### Data segment
BEGIN

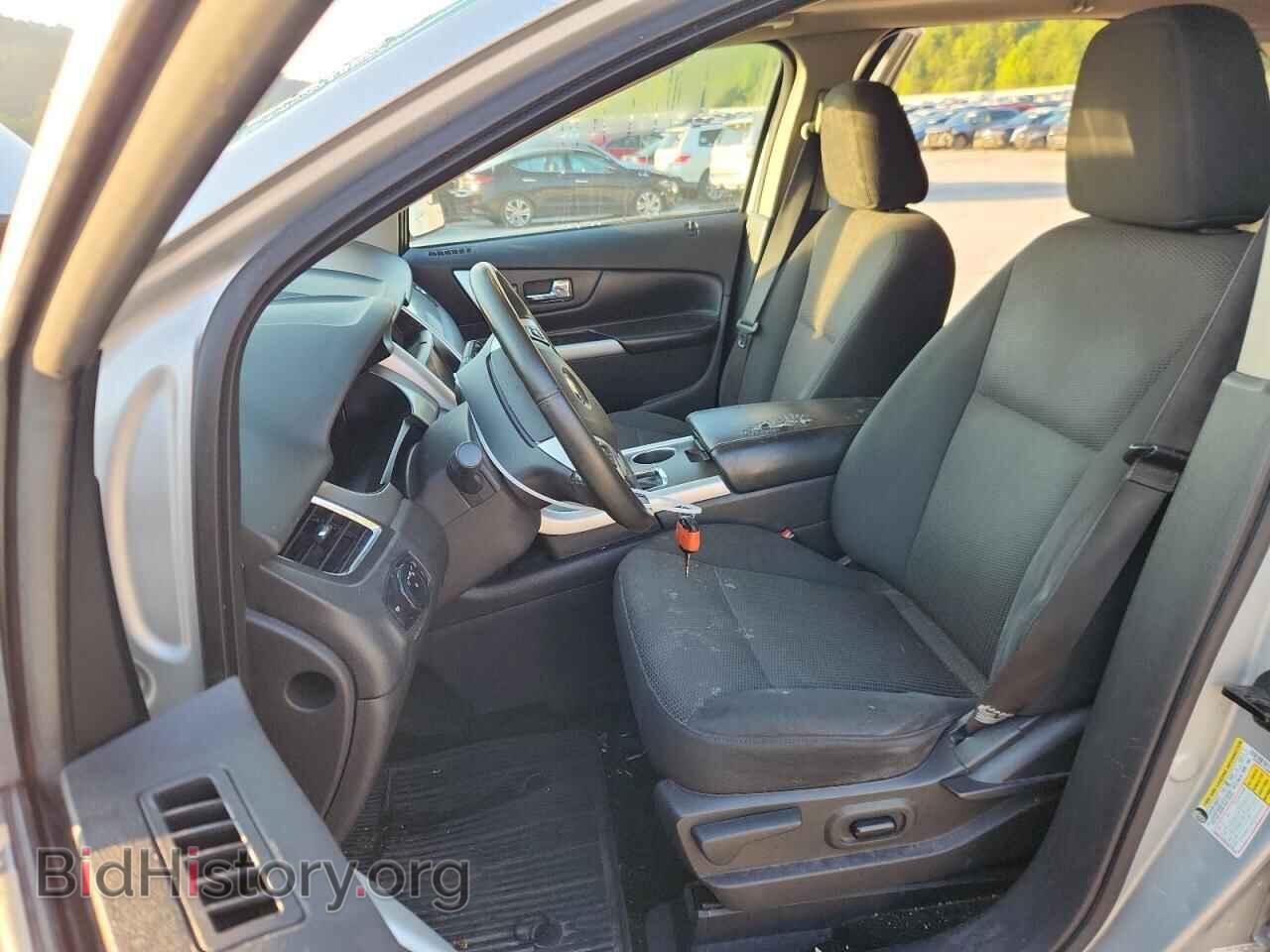 2011 FORD EDGE - VIN: 2FMDK4JC4BBB13992 - Фото 7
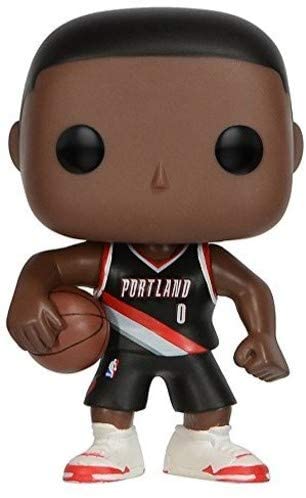 Funko POP Figure - NBA Portland TB, Damian Lillard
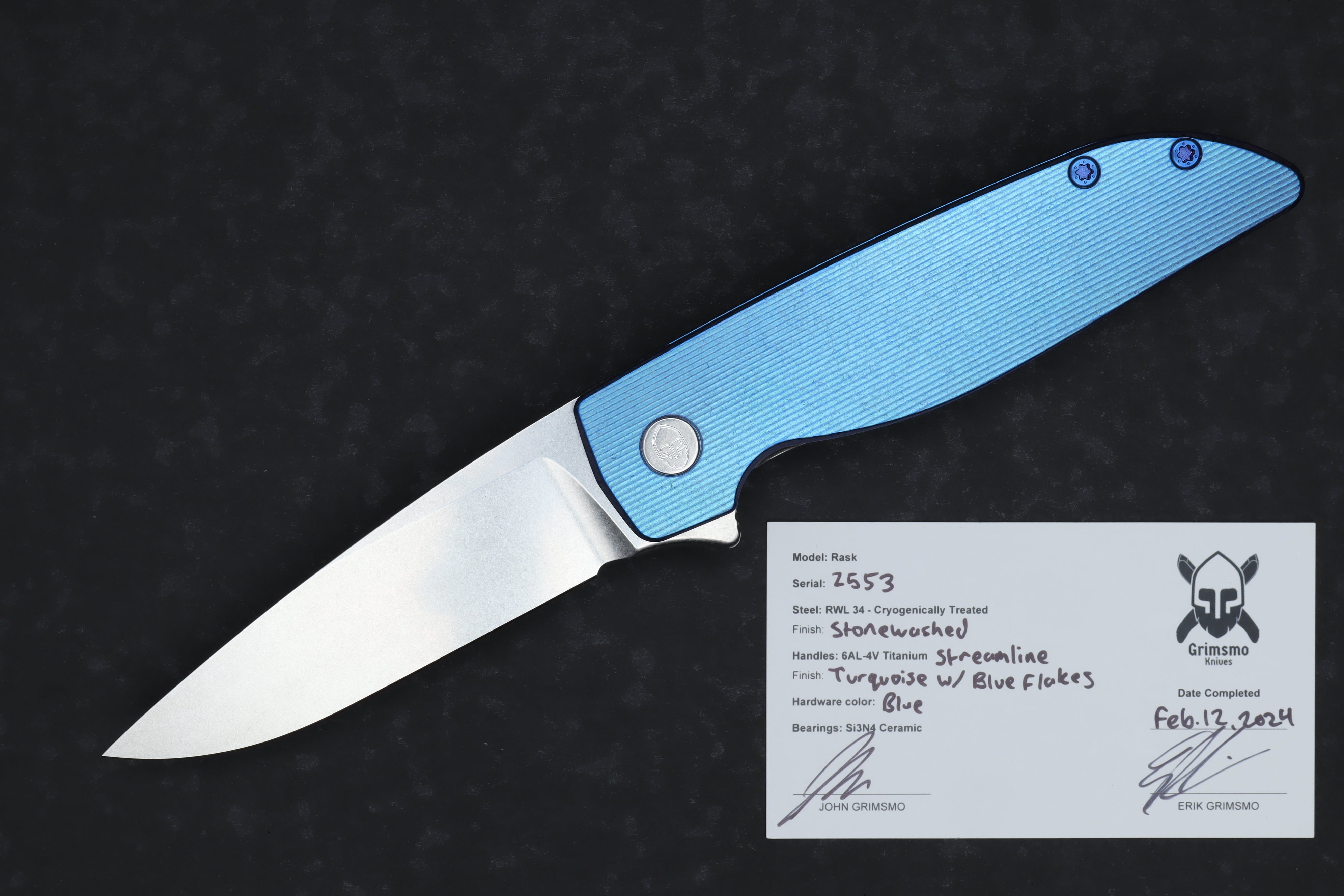 Rask #2553 9278340213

END

### Problem
All of the material above must be retyped exactly, line for line, with the images dropped.

### Response to this task
 2011 FORD EDGE - VIN: 2FMDK4JC4BBB13992 - Фото 7
 Funko POP Figure - NBA Portland TB, Damian Lillard
 Rask #2553 9278340213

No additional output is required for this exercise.